Emphasis was placed getting the country’s ‘house in order’ with a plea for greater financial discipline and sustainability – let’s see if these lofty ideals can be translated into practice by the more than 200 errant municipalities and SOE’s that have enjoyed more than R168bn in bailouts since 2009. No mention was made of the individual liabilities of Eskom or the R10bn SAA vanity project…
The budget highlighted:
- R9bn allocated for COVID 19 relief, for vaccine purchases and its roll out.

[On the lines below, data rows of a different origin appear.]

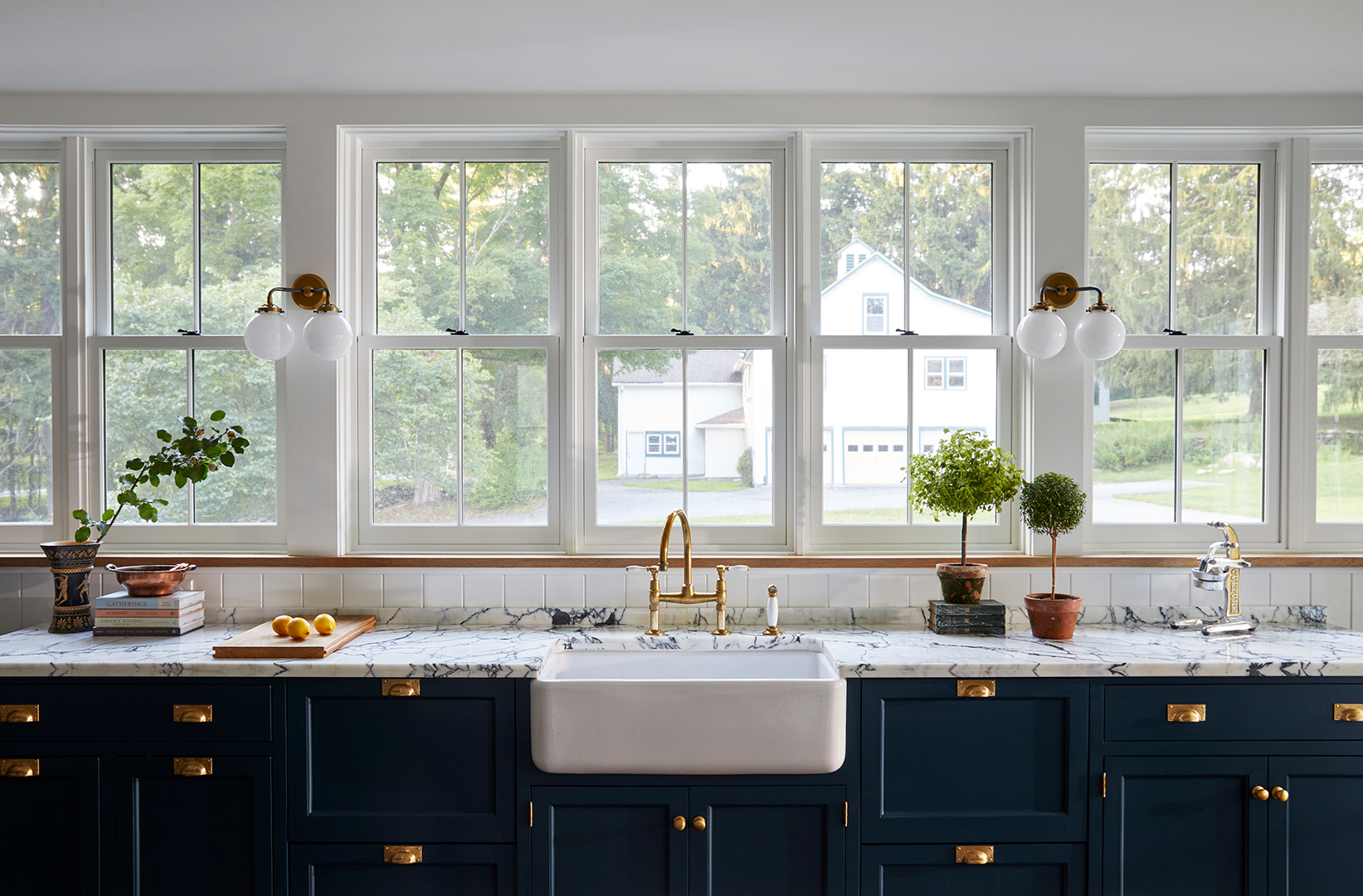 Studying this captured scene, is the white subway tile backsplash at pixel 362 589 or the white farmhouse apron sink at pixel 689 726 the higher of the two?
the white subway tile backsplash at pixel 362 589

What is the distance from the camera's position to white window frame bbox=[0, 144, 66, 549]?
2699 millimetres

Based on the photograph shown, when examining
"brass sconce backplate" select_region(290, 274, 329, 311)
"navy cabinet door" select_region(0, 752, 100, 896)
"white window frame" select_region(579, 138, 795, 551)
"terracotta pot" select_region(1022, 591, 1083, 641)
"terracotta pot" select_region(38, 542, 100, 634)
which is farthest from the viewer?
"white window frame" select_region(579, 138, 795, 551)

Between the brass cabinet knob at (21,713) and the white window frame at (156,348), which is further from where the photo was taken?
the white window frame at (156,348)

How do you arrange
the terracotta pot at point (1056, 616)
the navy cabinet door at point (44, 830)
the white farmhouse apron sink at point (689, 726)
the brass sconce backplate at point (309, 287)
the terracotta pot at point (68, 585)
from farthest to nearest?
1. the brass sconce backplate at point (309, 287)
2. the terracotta pot at point (68, 585)
3. the terracotta pot at point (1056, 616)
4. the navy cabinet door at point (44, 830)
5. the white farmhouse apron sink at point (689, 726)

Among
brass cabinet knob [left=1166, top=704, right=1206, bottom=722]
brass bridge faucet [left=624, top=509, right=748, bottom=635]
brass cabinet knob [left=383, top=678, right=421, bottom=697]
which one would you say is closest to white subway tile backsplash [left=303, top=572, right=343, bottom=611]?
brass cabinet knob [left=383, top=678, right=421, bottom=697]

- More than 56% of the country’s R1,35tn income would be spent on social services
- The budget shortfall of between 13 – 15% of GDP, which would be financed from borrowing a further R500bn
- Debt repayments represented 88% of GDP, which Mboweni said required a herculean effort to reduce to manageable levels by 2025. “We owe a lot of people an awful lot of money” he lamented.
- Public sector employee compensation is set to rise from R83.5bn to R11,0bn in this financial year. This translates into a 2.1% salary increase in 2021 for public servants, reducing to 1,2% for the next two years. Teachers fare even worse with just an 0,8% increase this year, but pegged for the next 3 years. (This spells trouble in this sector and ultimately is to the detriment of learners.
- 7 bn has been allocated to settle 1 409 land claims.
- The Land Bank is to receive a R7bn bailout.
- R4bn has been allocated to township and rural enterprise development.
- Just R540m to stimulate tourism through an equity partnership fund.
- Corporate income tax has been lowered to 27% as an incentive for private sector and foreign investment.
- Modest assistance has been provided to those receiving assistance grants with old age pensions being increased by a miserly R30/month and foster and child assistance grants by, wait for it, R10/month.
- Good news for girl learners from low income families is that government has allocated R678,3 m for the provision of free sanitary products.
As with most finance ministers, you give with one hand and take back with the other.
The good news for low and medium income earners will be that they should have a little more disposable income as the tax brackets have been increased by 5% which will equate to earners having a collective R2,2bn more of disposable income.
The bad news is that excise duty on wine, beer and spirits, and cigarettes will increase by 8%, putting 14c on a bottle of beer, 26c on a bottle of wine and R5,50 per 750ml bottle for spirits drinkers. As usual, smokers will pay extra, an additional R1,20 for their packet of 20 fags.
If you drive a vehicle, you’ll pay an additional 27c/litre for fuel – 15c/litre general fuel levy and 11c/litre which will go to the bankrupt Road Accident fund to help it balance its books
If you were looking for a silver lining, keep looking, but like the curates egg, this budget was good in parts.